Congratulations on your election. You will be besieged with advice in the coming weeks, so I decided to write to you with some unsolicited advice before you have been elected and even before I know your name.
Your political capital will never be higher than it is now, so garner widespread support for some bold initiatives in your first 100 days. Your success as mayor will be measured by your ability to bring diverse Greater Clevelanders together around a common agenda.
I urge you to be humble. Listen. Be inclusive. Reach out to rivals, critics and skeptics and bring them to your table.
I urge you to be bold. You have been elected to one four-year term. Don’t act as if you will have two or three. Think of your tenure as mayor as a successive series of your first 100 days and act with urgency.
Too often, cities move too quickly to strategies and tactics before they establish an inclusive, open process for developing the best solutions.

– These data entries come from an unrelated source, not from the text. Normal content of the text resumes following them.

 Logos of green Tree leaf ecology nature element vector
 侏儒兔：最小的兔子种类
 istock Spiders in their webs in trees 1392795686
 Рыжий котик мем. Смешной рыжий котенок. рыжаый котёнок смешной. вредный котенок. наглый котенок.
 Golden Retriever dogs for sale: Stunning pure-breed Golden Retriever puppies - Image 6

The single most important thing you can do in your first 100 days to grow our economy is make sure that a far more inclusive group of leaders is in the room where economic development thinking and planning happens. While the key, established actors must be at the table, that’s only the beginning. It must be an open table that attracts a diverse group of changemakers and connectors.

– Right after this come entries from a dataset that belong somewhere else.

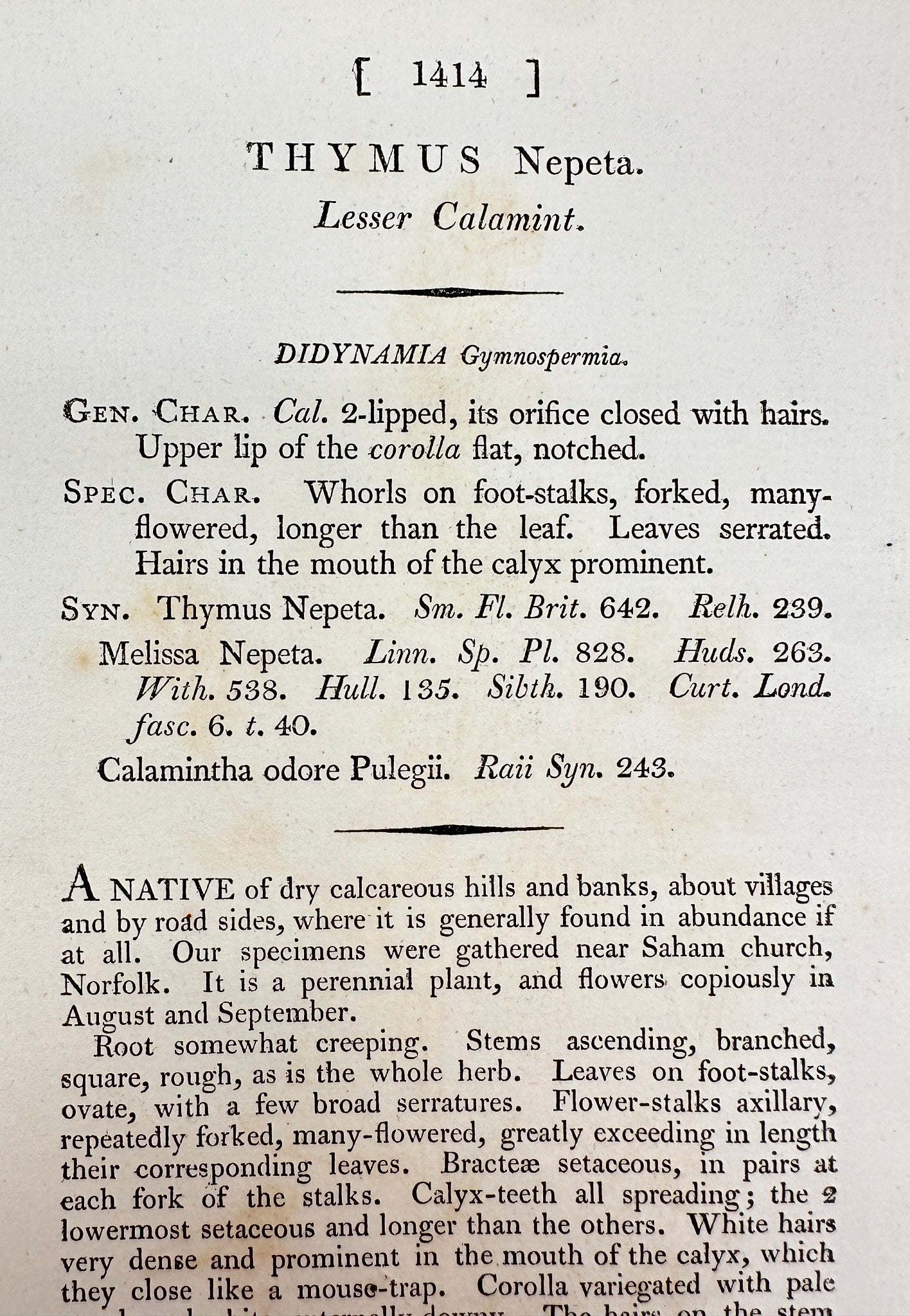Antique Botanical Print - James Sowerby - Thymus Nepeta - Lesser Calamint - F1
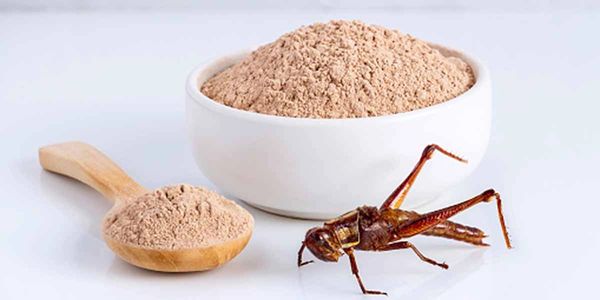 Insect powder sourcing agent China, Taiwan, Southeast Asia: Vietnam, Thailand, Malaysia, Cambodia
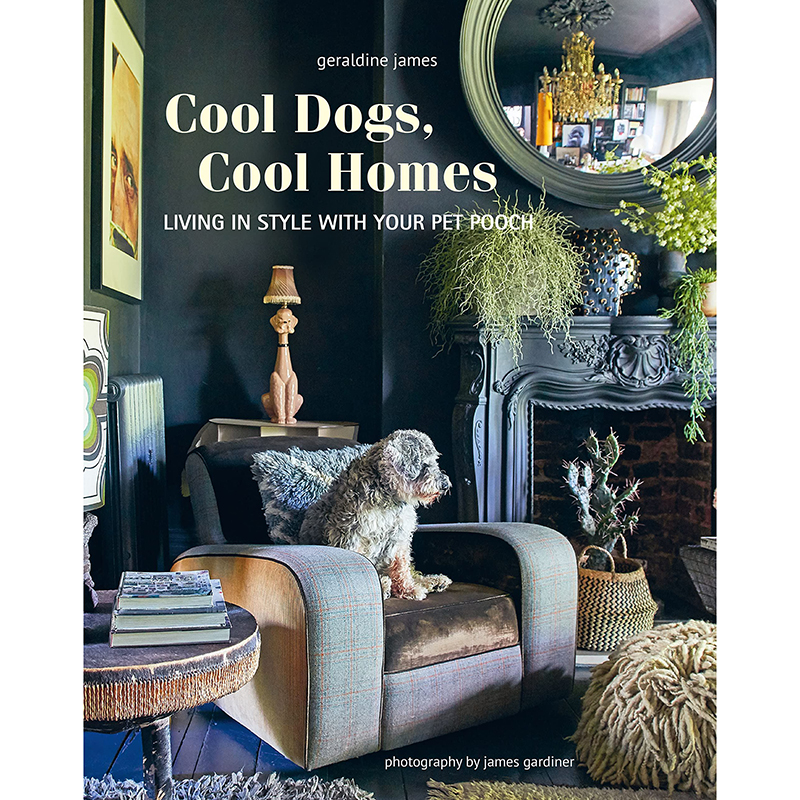 Cool Dogs, Cool Home Living In Style With Your Pet Pooch-0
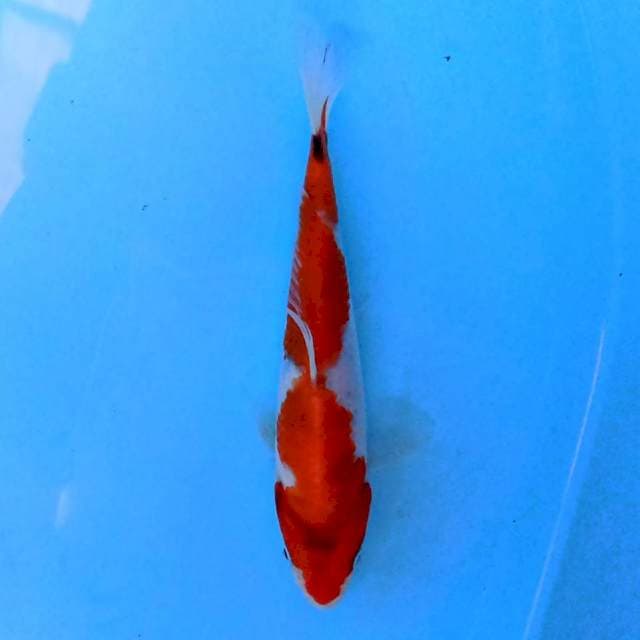 Showa Tategoi 16 cm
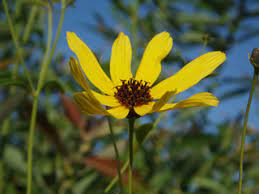 Check spelling or type a new query. Coreopsis Tripteris Tall Tickseed Native Plants Of North America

Embrace our new generation of disrupters. They don’t wait for permission; they refuse to sit at the kids table until the older generation gets off the stage. They see possibilities where others see barriers and roadblocks. They are everywhere, often hidden in plain sight. They are the new city CEOs.
You must work across political parties, borders, sectors, generations, genders, races and cultures. Too often, each sector and organization is its own audience, working inside an echo chamber and operating within a narrow frame.
If you google “strategic plan” and “Cleveland,” you will find a number of very thoughtful, well-written strategic plans from a number of nonprofit economic and community development organizations. But you will not find a growth plan that aligns, connects and unifies these plans with a common framework of shared goals, strategies and metrics for our city and our region. As our new mayor, working with County Executive Armond Budish, you have the opportunity to do just that.
The greatest single way to keep Cleveland competitive and accelerate our trajectory as a rising city is to foster innovation. The recently announced Cleveland Innovation District is a great first start that you should immediately embrace and support.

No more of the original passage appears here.